This annual study, conducted by Eastern faculty and students through Eastern's Center for Early Childhood Education, examines how young children in natural settings play with a variety of toys. Toys are selected for the TIMPANI study based on recommendations from parents, teachers and faculty. After the toys are chosen, they are placed in the CFDRC's preschool classrooms and rated on three subscales: thinking and learning, cooperation and social interaction, and self-expression and imagination.

Eastern students Jamie Vallarelli '13, Jenny Wolff '12 and Marley Koschel '13 were responsible for videotaping the toys and coding the videos according to the evaluation rubric. The three students joined Professor Jeffrey Trawick-Smith, Eastern's Phyllis Waite Endowed Chair of Early Childhood Education, to present the results of the study at the National Association for the Education of Young Children conference in Atlanta on Nov. 10, 2012.

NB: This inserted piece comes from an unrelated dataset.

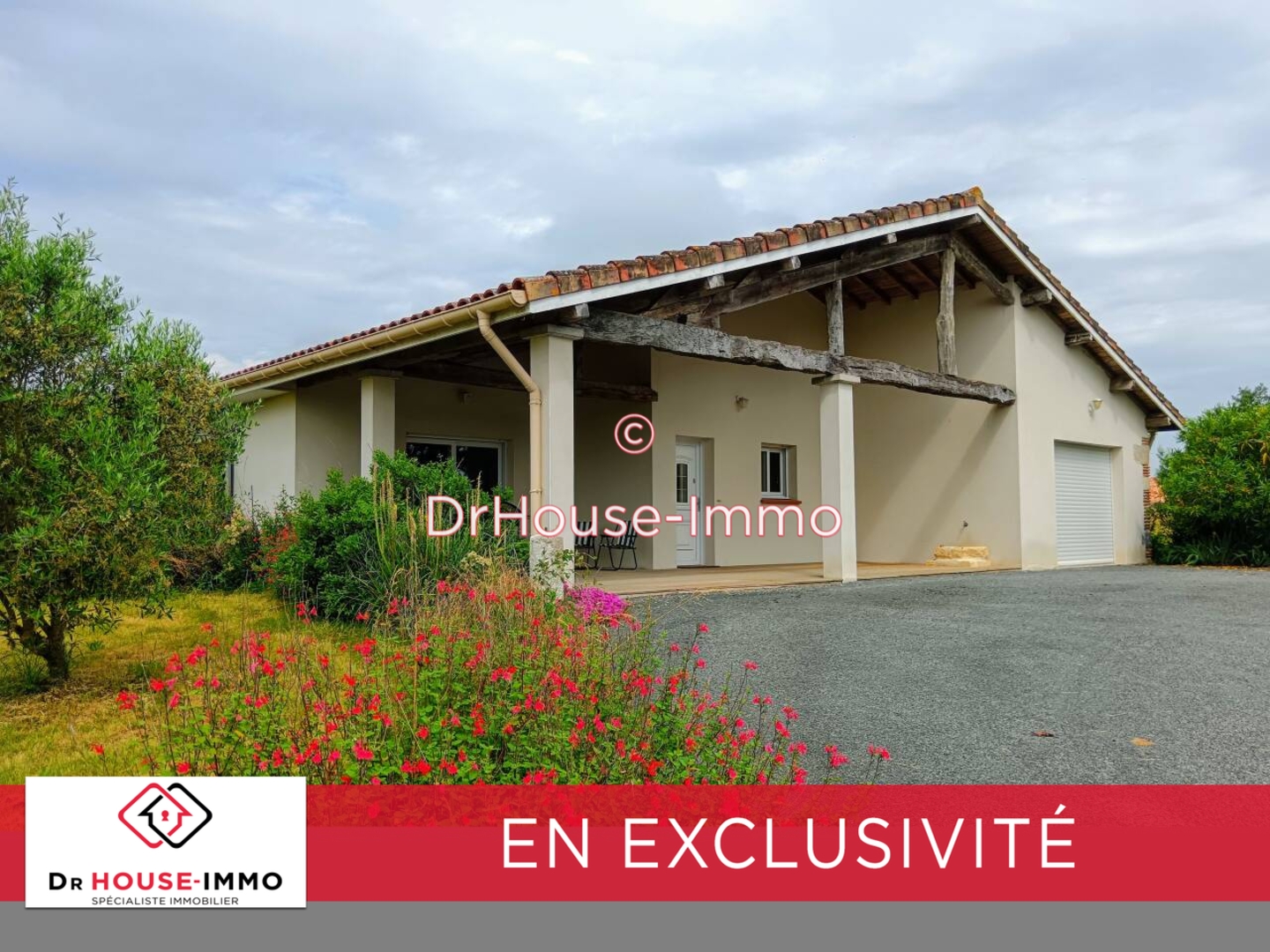 Photo 1 : Vente Maison 5 pièces Damazan 144 m²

Eastern's School of Arts and Sciences held its 13th annual Student Research and Exhibition Conference on April 13, 2013, in the Science Building. More than 100 students, supported by more than 50 faculty mentors, presented projects and presentations showcasing nine departments in the School of Arts and Sciences. The exhibits included digital art, prints, paintings, drawings, sculptures and books created by Eastern students. The projects ranged from presentations such as "Artificial Structures in Marine Environments: Do Materials Influence the Success of Invasive Species?" to "CIRC DU TAROT: The symbolism of the Major Arcana through Circus Illustrations."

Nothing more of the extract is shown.